I am reading a proof about showing that if $a \equiv a' \pmod m$ and $b\equiv b' \pmod m$ then $a + b \equiv a' + b'\pmod m$ and $ab \equiv a'b'\pmod m$.
The proof uses substitution to show that (for the case of addition) the difference $(a + b) - (a' + b')$ is divisible by $m$. By substitution the proof shows that the above expression is $m(j -k)$ which is a multiple of $m$. With the same approach it shows that for the case of multiplication $ab - a'b'$ is equivalent to $m(ka + kb -jkm)$.
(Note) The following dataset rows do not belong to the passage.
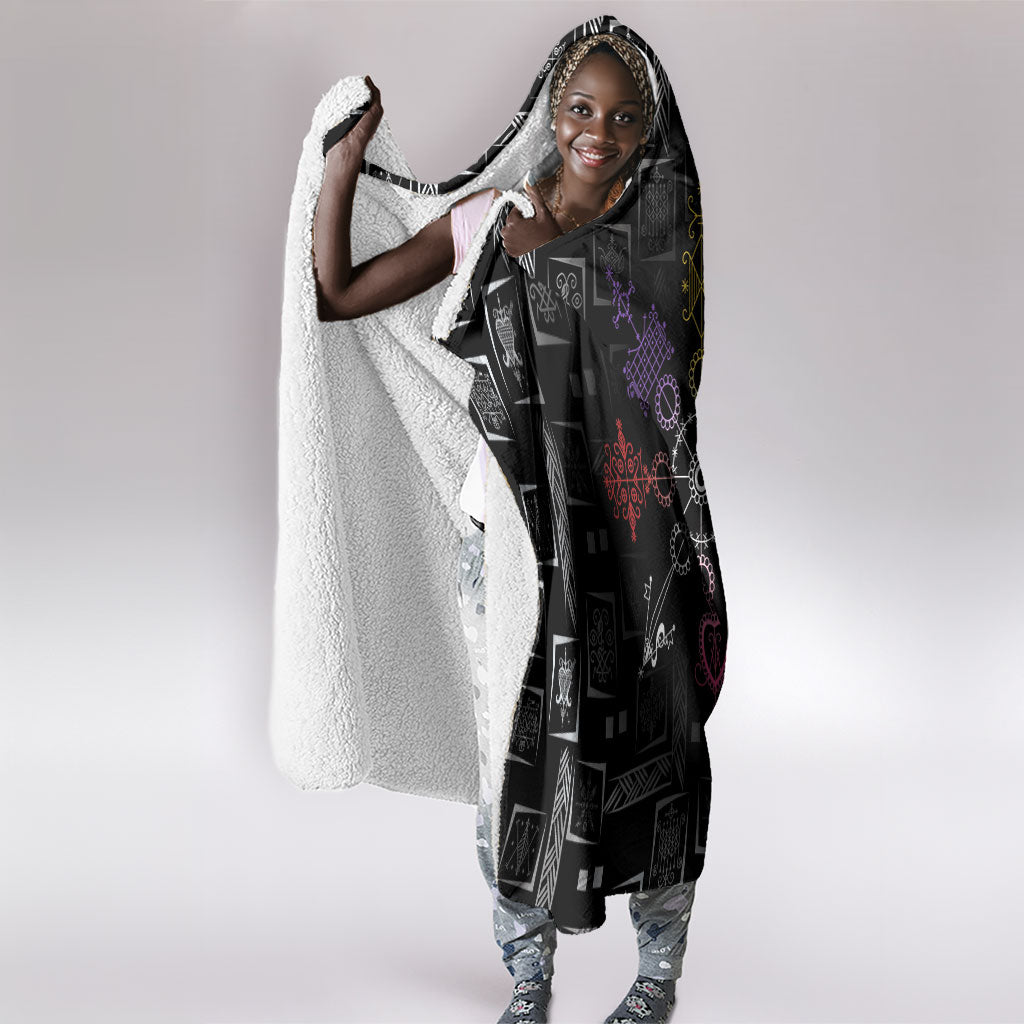 Afro Haiti Vodou Milokan Hooded Blanket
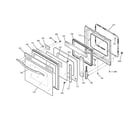 GE JKP56CD1CC door diagram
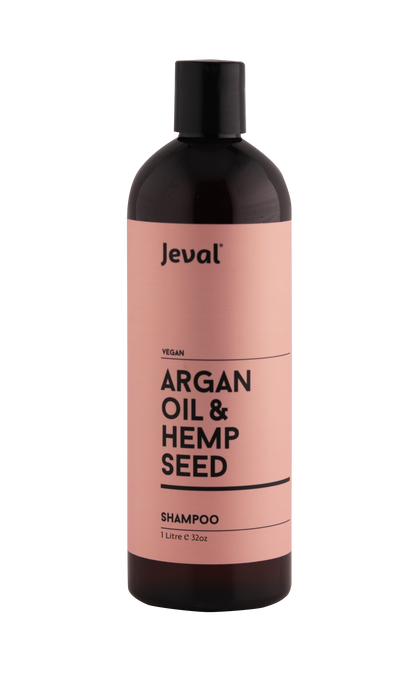 Jeval Infusions Argan Oil & Hemp Seed Shampoo 1 Litre - Beautopia Hair & Beauty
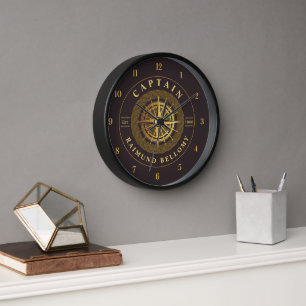 Gold Nautical Uhr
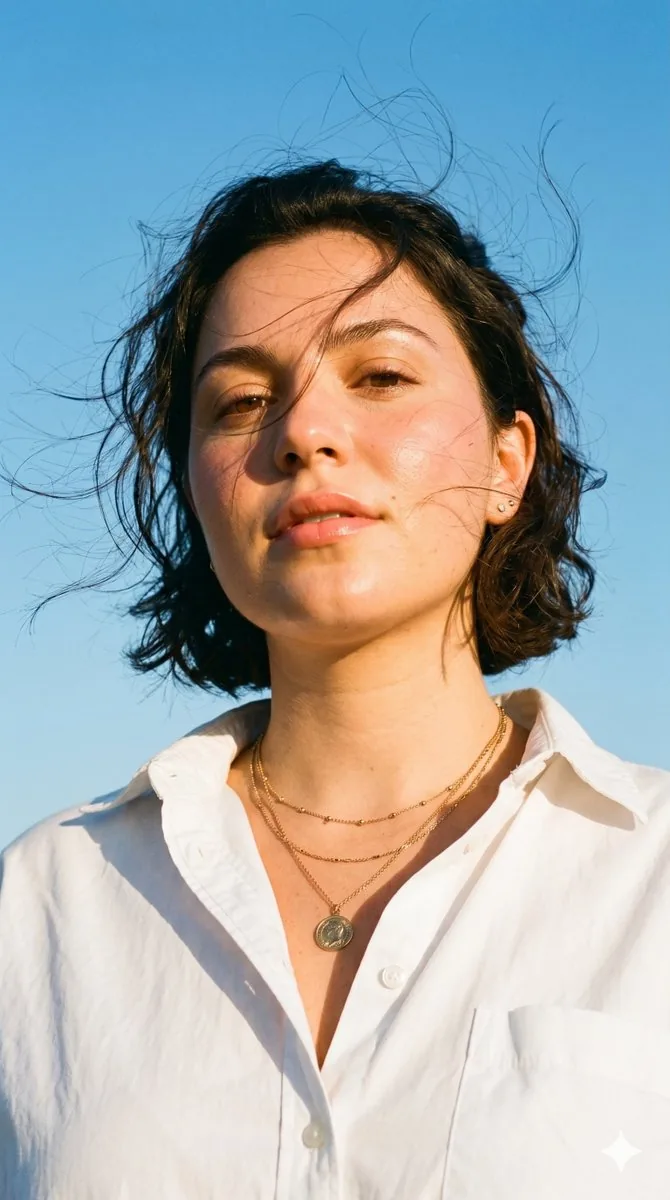 Golden Hour Vintage Film Portrait - Nano Banana Pro AI Prompt for Social Media Post reference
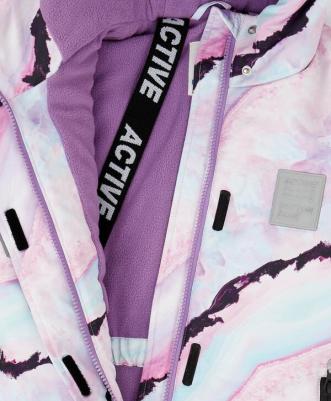 Комбинезон зимний непромокаемый с капюшоном мультицвет, 134, 224BBGA6502 – фото 2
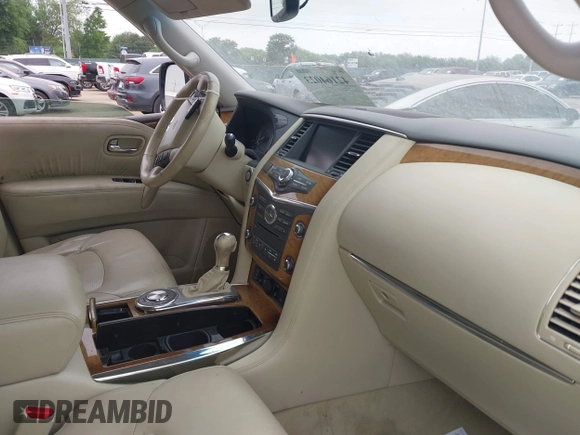 2013 Infiniti QX56 with VIN JN8AZ2NF6D9550697, listed as a IAAI auction lot 42164023 with 123,590 mi miles and . Bid and sale history available at DreamBid. Image 5.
The proof has defined: $a = mj + a'$ and $b=mk + b'$
Now the question I have is if that $-$ (minus) in the expression after the substitution is a typo or it serves some specific convention. Because in the case of the addition we have:
$(a + b) - (a' + b') \Leftrightarrow (mj + a' + mk + b') - a' - b' \Leftrightarrow mj + mk \Leftrightarrow m(j + k)$
So I don't understand why the proof says: $m(j -k)$. I understand that we could just define $k = -z$ and consider they are the same expression but I don't understand why we need to do that. Same for the multiplication.
Is this a typo or am I misunderstanding something?
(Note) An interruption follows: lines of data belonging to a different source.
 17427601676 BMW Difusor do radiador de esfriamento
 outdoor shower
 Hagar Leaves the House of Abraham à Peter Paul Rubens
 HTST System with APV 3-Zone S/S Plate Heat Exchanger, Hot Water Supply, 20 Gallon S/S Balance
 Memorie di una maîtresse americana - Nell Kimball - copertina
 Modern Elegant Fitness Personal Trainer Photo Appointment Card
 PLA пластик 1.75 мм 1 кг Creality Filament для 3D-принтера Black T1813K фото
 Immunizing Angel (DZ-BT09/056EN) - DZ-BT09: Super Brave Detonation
If a is congruent to a' (mod m) then a= a'+ km for some integer k. If b is congruent to b' (mod m) then b= b'+ jm for some integer j. ab= (a'+ km)(b'+ jm)= a'b'+ kmb'+ a'jm+ kjm^2= a'b'+ (kb'+ a'j+ kjm)m. That is, ab is equal to a'b' plus some integer multiple of m so ab is congrjent to a'b' (mod m).